Mali’s membership in the African Union has been suspended with immediate effect and the impoverished country threatened with sanctions following a second military coup in 9 months.
The AU “decides … to without delay suspend the Republic of Mali from participation in all activities of the African Union, its organs and institutions, until normal constitutional order has been restored in the country”, the body’s Peace and Security Council said in a statement late on Tuesday.
The AU called for the military to “urgently and unconditionally return to the barracks, and to refrain from further interference in the political processes in Mali”.
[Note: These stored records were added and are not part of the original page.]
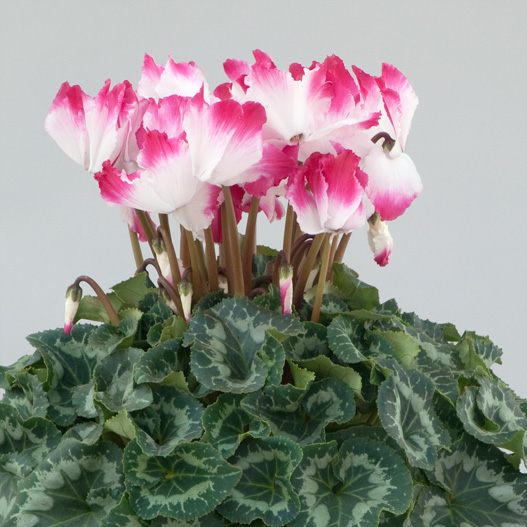 シクラメン プルマージュウェーブD シリーズ 大輪系品種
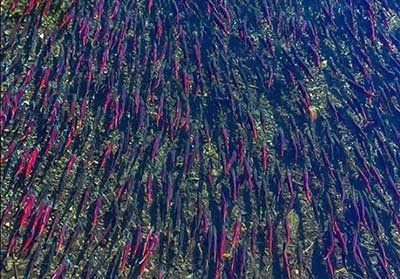 اخبار,اخبار گوناگون,زندگی دسته جمعی حیوانات اخبار,اخبار گوناگون,زندگی دسته جمعی حیوانات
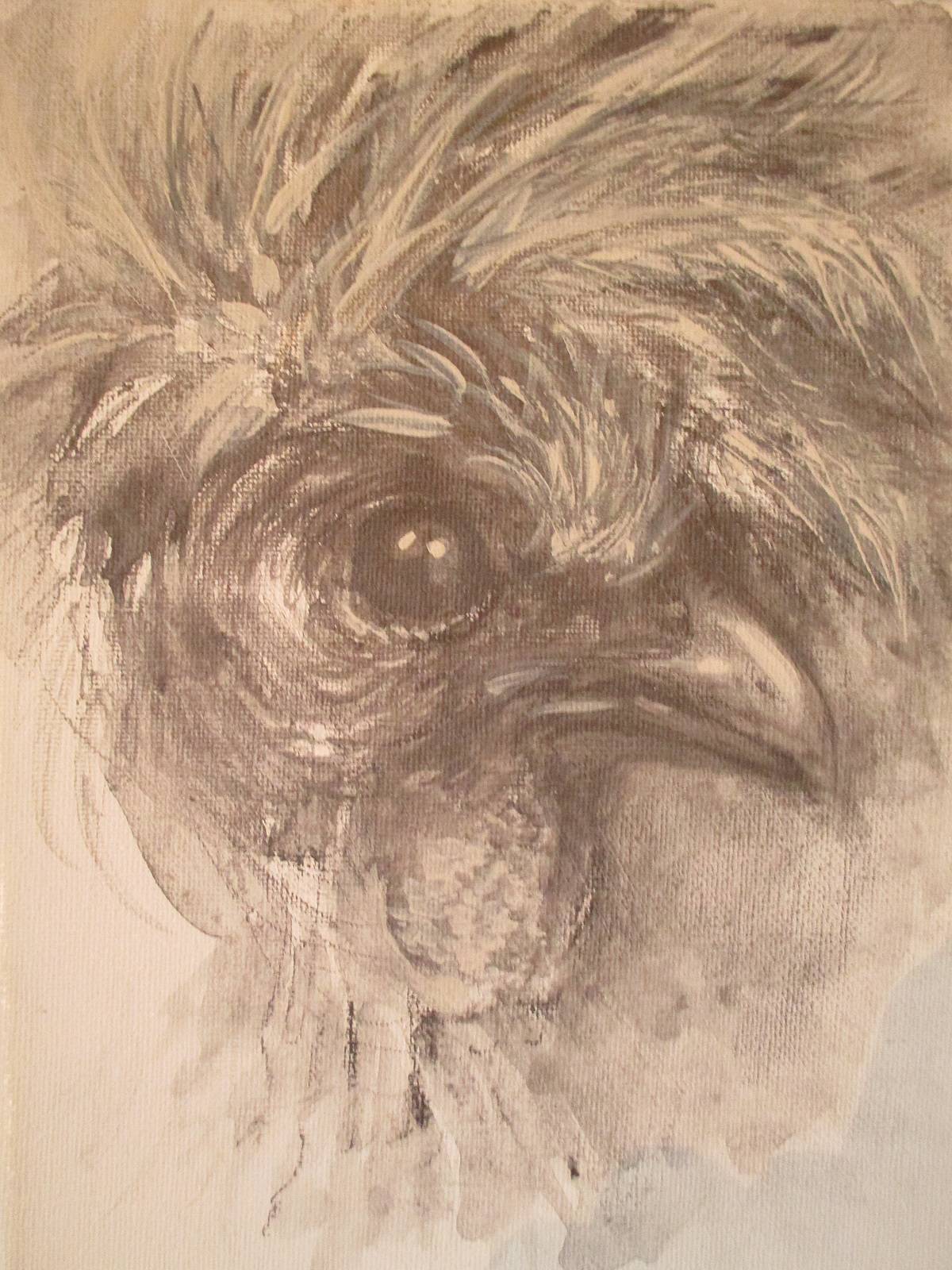 Tête de plumes. 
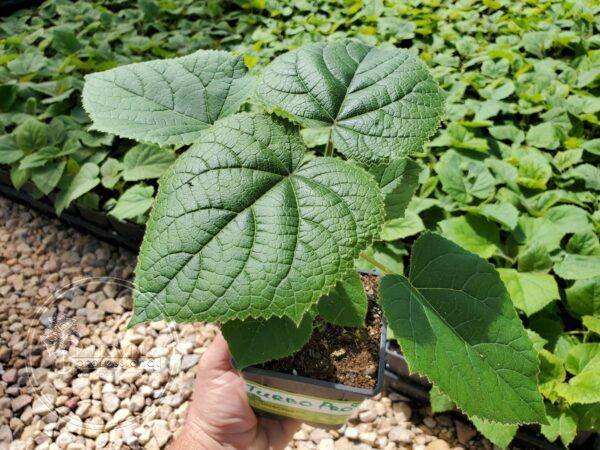 Paulownia Turbo Pro pot 600ml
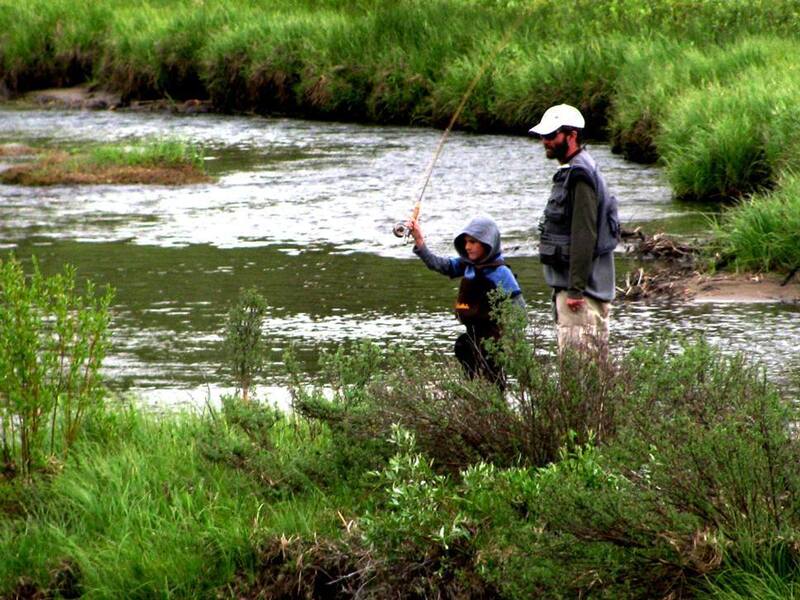 Strategy-Led Web Design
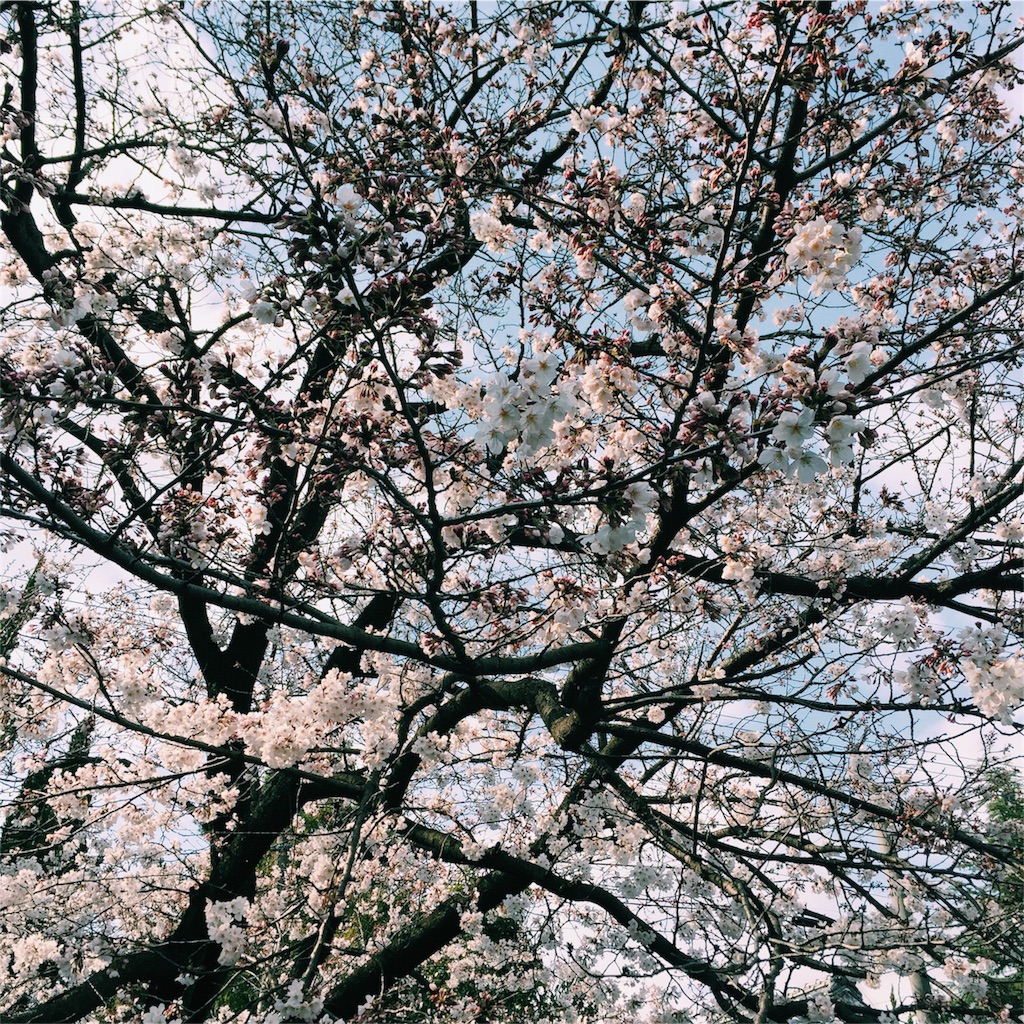 f:id:ookiminori:20160402052632j:image f:id:ookiminori:20160402052632j:image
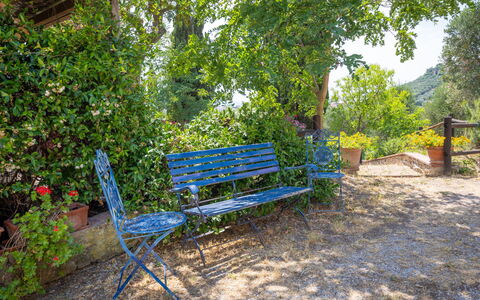 Campiglia Marittima 649: Blå, Udendørs Bench, Møbel, Udendørs Møbler, Bænk, Have, Bunddække, Skygge, Parkere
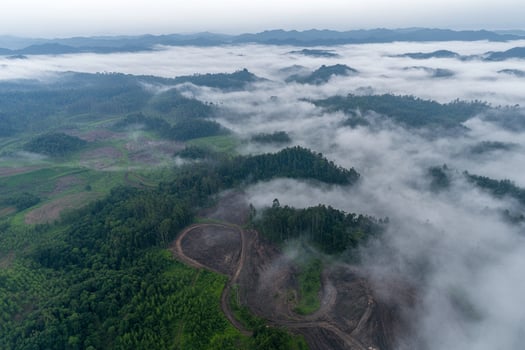 Aerial view of a forested area with low clouds photo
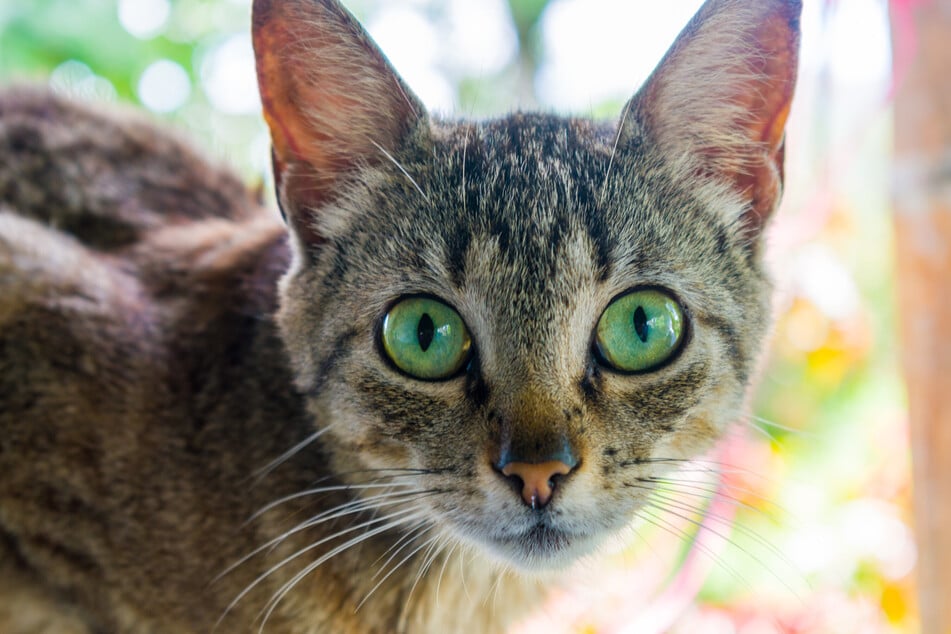 Mit ihren grünen Augen fragt die Katze, ob sie ihrem Gegenüber vertrauen kann.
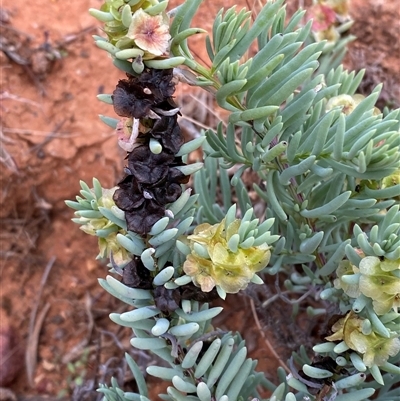 Maireana triptera (Three-Wing Bluebush) at Tibooburra, NSW - 29 Jun 2024 by Tapirlord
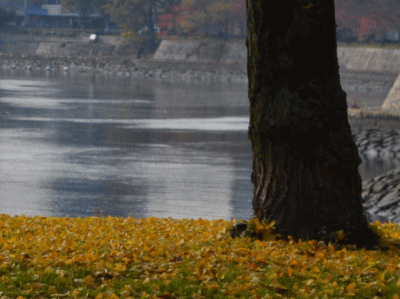 b0165233_10141542.gif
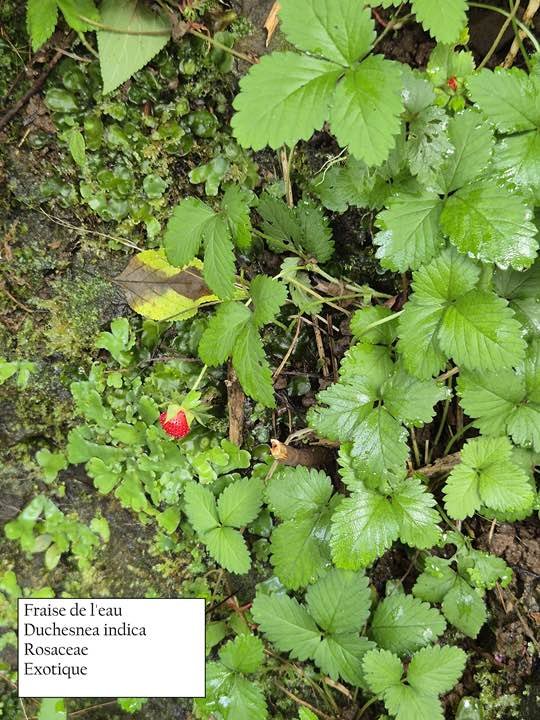 71- Fraise de l'eau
It warned that if the military did not hand back power to civilian transitional leaders, “the Council will not hesitate to impose targeted sanctions and other punitive measures”.
Condemning the coup “in the strongest terms possible”, it added it was “deeply concerned about the evolving situation in Mali and its negative impact on the gains made thus far in the transition process in the country”.
The move follows a similar suspension on Sunday from the Economic Community of West African States (ECOWAS).
The coup sparked deep concerns over stability in the volatile Sahel region. Despite a 2015 peace agreement with some armed groups and the presence of 14.000 United Nations troops, attacks are intensifying in the north and centre of the country. Almost half a million Malians have been forced to leave their homes and 6.000 people have been killed.
“The situation is bad when I think of my country today in a state of war,” Moro Sidibe, the son of a soldier who is training to join the army, told Al Jazeera. “I am afraid for the future that is why I want to join the fight and go to the frontline,” Sidibe added. His decision, he said, was triggered by a military takeover in August in the hope to help bring peace to the country.
While Colonel Assimi Goaita was attending the ECOWAS crisis summit in Ghana on Sunday, armed groups affiliated to Al Qaeda shot security forces marking the latest attack in Mali’s Southern region.
Last August, Goita led army officers who overthrew elected President Ibrahim Boubacar Keita, following mass protests over perceived corruption and a bloody insurgency. After the takeover, the military agreed to appoint civilians as interim president and prime minister under the pressure of ECOWAS trade and financial sanctions.
But in a move that provoked a diplomatic uproar, soldiers last week detained transitional president Bah Ndaw and prime minister Moctar Ouane, releasing them on Thursday while saying that they had resigned.
Mali’s constitutional court completed Goita’s rise to full power on Friday by naming him transitional president.
With the military going back on its previous commitment to civilian political leaders, doubts have been raised about its other pledges, including a promise to hold elections in early 2022. The military said this week it would continue to respect that timetable, but added that it could be subject to change.
“Our officers are bickering over government positions in the capital Bamako while African soldiers die in the frontline trying to protect our country, this is a humiliating situation,” Moussa Mara, the former prime minister of Mali, told Al Jazeera.
The United States and Mali’s former colonial master France had both threatened sanctions in response to the second coup.
But ECOWAS, at a crisis summit in Ghana on Sunday, refrained from reimposing sanctions – a move it had adopted after the first coup.